Re: Is this ambiguous? from C. M. Sperberg-McQueen on 2022-02-14 (public-ixml@w3.org from February 2022)

From: C. M. Sperberg-McQueen <cmsmcq@blackmesatech.com>
Date: Sun, 13 Feb 2022 19:34:51 -0700
To: Bethan Tovey-Walsh <accounts@bethan.wales>
Cc: Norm Tovey-Walsh <norm@saxonica.com>, public-ixml@w3.org
Message-ID: <87wnhych10.fsf@blackmesatech.com>
Bethan Tovey-Walsh writes:

> I would tentatively suggest we consider saying that implementations
> must report that there is more than one possible valid vxml
> output. That wouldn’t require committing to a single definition of
> ambiguity, and would (I suspect) be the most useful information for
> users. I don’t imagine a user being particularly interested in the
> intermediate (and potentially ambiguous) states their grammar goes
> through in order for my implementation to parse an input. I do imagine
> their being interested in knowing that the vxml output they’ve
> received is one amongst a larger number of possible outputs.

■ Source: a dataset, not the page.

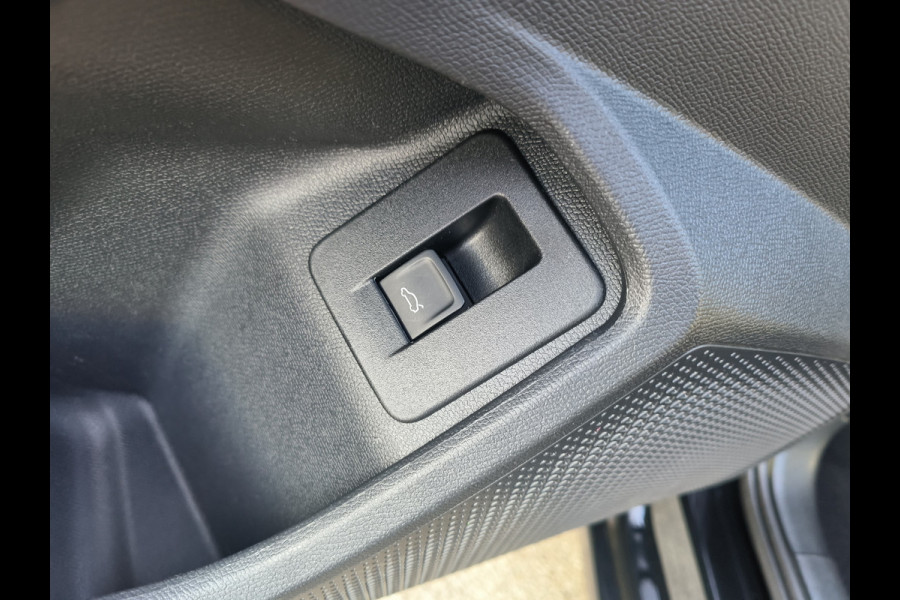 Seat Leon Sportstourer 1.0 eTSI Style Automaat uit 2024 Rijklaar + 12 maanden Bovag-garantie “Sinds 1970 | 5.000+ reviews | Score 9,5 | Service zoals ’t hoort” Henk Jongen Auto's in Helmond,  al 50 jaar service zoals 't hoort!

I think that amounts to saying that what must be reported is that there
is more than one XML document (wave hands here in the direction of the
canonicalization spec) that reflects the input string and the grammar
and markings in the input grammar.

I agree that that is likely to be the easiest to explain.

I see three complications that make me reluctant to adopt this approach
in the spec right now.

1 One motive for reporting ambiguity is that it tends to slow down an
Earley parser.  It does so whether the ambiguity results in a different
XML output or not, so reporting ambiguity only when it affects the XML
may be suboptimal.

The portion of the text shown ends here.